The manager says: “It’s a knick-knack, Patty Whack. Give the frog a loan; his old man’s a Rolling Stone.”
I know. Groan! But the point is how much mileage a writer can get out of a detail like a ceramic elephant.
Which leads me to the moment when Gatsby is showing Daisy and Nick his shirts, the glorious shirts that his man sends over from Europe each season.
“They’re such beautiful shirts,” Daisy says. “It makes me sad because I’ve never seen such—such beautiful shirts before.”
If you’re like me, you might recall Mia Farrow playing Daisy in the 1974 film with Robert Redford as Gatsby. You might also consider her delivery of this line a bit melodramatic, but when I read it in the novel, it opens up Daisy’s character and her life in interesting ways. Those shirts contain so many complicated emotions—pride, perhaps, over what Gatsby has risen to; regret, perhaps, that she didn’t marry him when she had the chance; an awareness, perhaps, that no matter how much money he has, he’ll never be of her social class, and therefore, he’ll always be outside her grasp and she’ll be doomed to her life with Tom Buchannan.
Try it for yourself. Take a character who could use a bit more complexity. Put him or her in a situation where an object expresses a mixture of emotions. Let the object contain what the character can’t put into words. See how the dialogue in the scene can have a subtext that expresses something that the character can’t, or won’t, say directly.
Remember the moment when Nick is visiting Daisy and Tom for the first time, and she calls attention to her bruised finger:
“Look!” she complained. “I hurt it.”
We all looked – the knuckle was black and blue.

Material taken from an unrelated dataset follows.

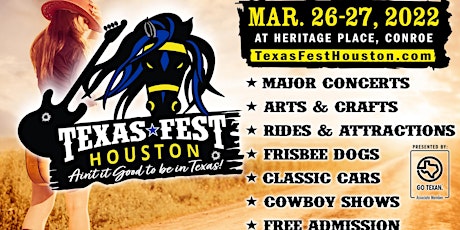 TexasFest Houston - Conroe at Heritage Place Amp - Mar. 26-27, 2022 tickets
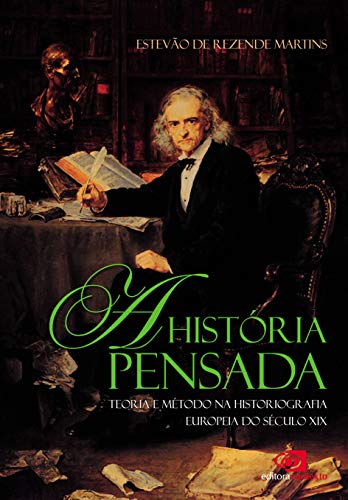 História pensada: teoria e método da historiografia europeia do século XIX, A (Portuguese Edition)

“You did it, Tom,” she said accusingly. “I know you didn’t mean to, but you did do it. That’s what I get for marrying a brute of a man, a great, big, hulking physical specimen of a—”
“I hate that word hulking,” objected Tom crossly, “even in kidding.”
“Hulking,” insisted Daisy.
Her insistence on repeating the word, “hulking,” speaks volumes about how she feels about her husband. She doesn’t have the courage to say how she really feels, but she feels safe enough to talk about her bruised finger. That single detail brings her feelings to the surface.
Pay attention to the details when writing. Let them do the work the characters can’t.